Following the 2018 election, which made Sidhu mayor at the head of a new council majority, Moreno and Barnes were in turn exiled to the ends of the council dais.

That doesn’t say “tons.”  What it says is this is politics. Elections have consequences, as Moreno himself likes to say. It’s strange that Moreno – for whom everything seems to be politics – would complain. What isn’t strange is he tries to turn into a racial issues, because he is a practitioner of racial identity politics.

Moreno talks as if it is perfectly natural to look at the Anaheim City Council seating arrangements and infer Barnes and Moreno were given their seating assignments because they’re Hispanic.

“What else are you supposed to read, if you lived that experience over your life?” he declares.

I don’t profess knowledge of the life experiences of either Moreno or Barnes. But how about reading the truth? How about not viewing everything through race-colored lenses? How about transcending victimhood? How about choosing not automatically assuming the worst?

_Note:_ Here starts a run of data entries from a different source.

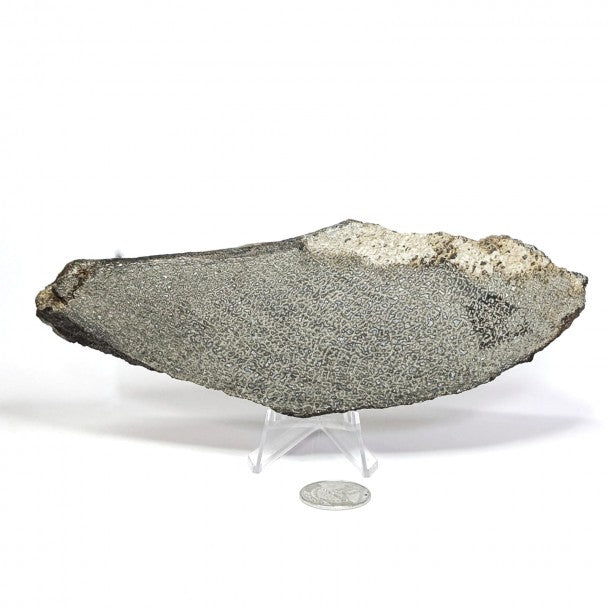 Hueso fósil de Sauropodo 19 cm – FO-HUSA2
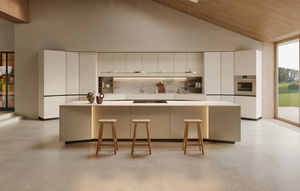 contemporary kitchen 1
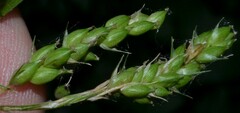Carex davisii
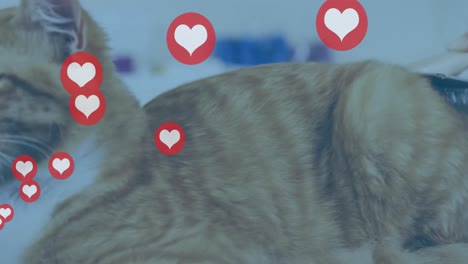 animation of falling hearts icons over ginger cat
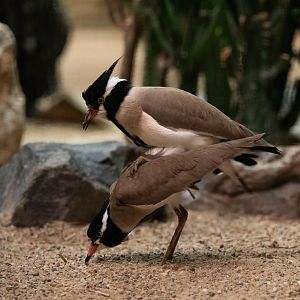 Black-headed lapwing - Vanellus tectus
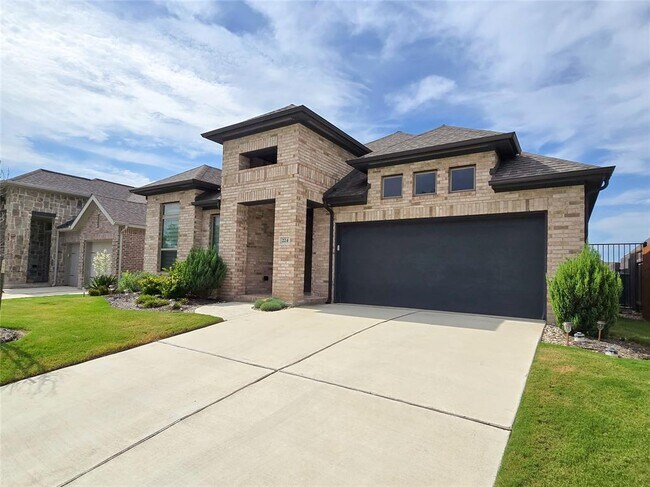 224 Pisa Ln in Andice, TX - Building Photo - Building Photo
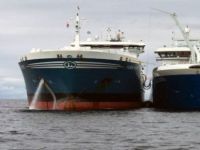 Gemiden gemiye ilk LNG yakıt ikmali gerçekleşti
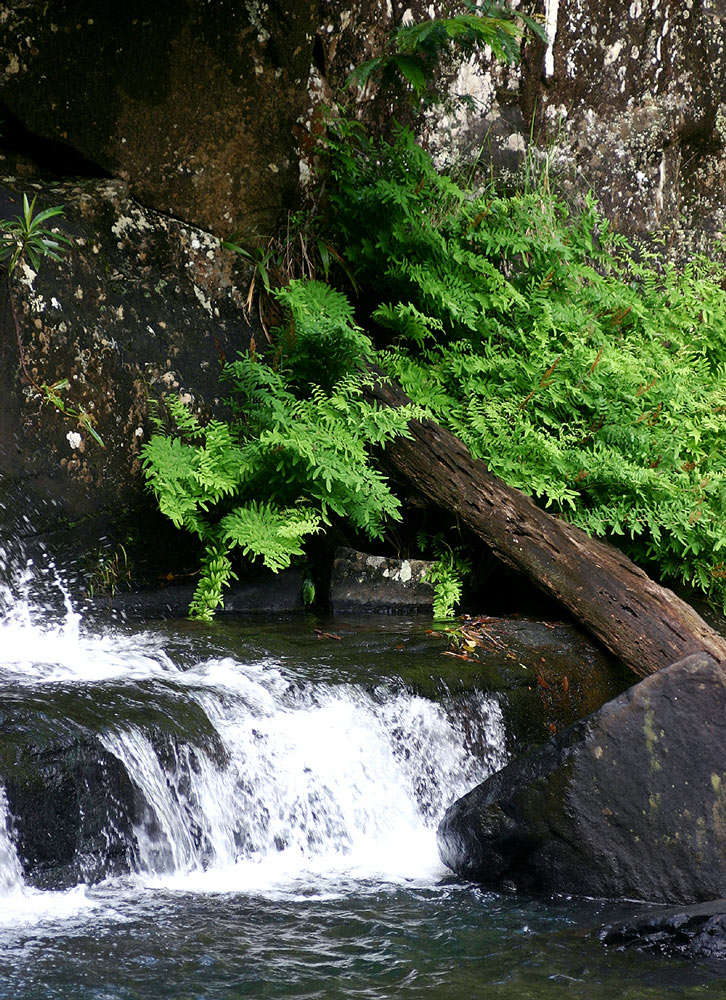 Image of osmunda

My late father-in-law was, next to my own father, the greatest man I have ever known. He grew up poor in a barrio in Orange, the son of migrant farm workers. He actually attended a segregated school for most of elementary school (one of his older sisters was a witness for the plaintiffs in Mendez v. Westminster). He served his country in the Army, worked hard and raised a family. He was a staunch union man and who saved and lived the American Dream in the same barrio where he grew up. I never heard him indulge in self-pity or “This happened to me because I’m Mexican” complaining.  He was a man of joy.

The point is there are plenty of ways to “read” things like the Anaheim City Council’s seating arrangements. One can be reasonable and grown-up and see it for what it plainly is: one of the political consequences of winning (or losing) an election.

Or one can engage in whiny, unthinking identity politics and mewl about being the victim of imaginary racism.

Most Americans, of all political, socioeconomic and ethnics are tired of politicians who resort to politically-correct race card playing the way Barnes and Moreno did last week. They understand it is false and serves to chill free and reasonable political discourse.

Hopefully Barnes will, in the future, find a way to manage episodes of frustration without flaying the innocent as racists. As for Moreno: this is how he sees the world. This is the sort of politics he practices. It just doesn’t always emerge in such a bald fashion.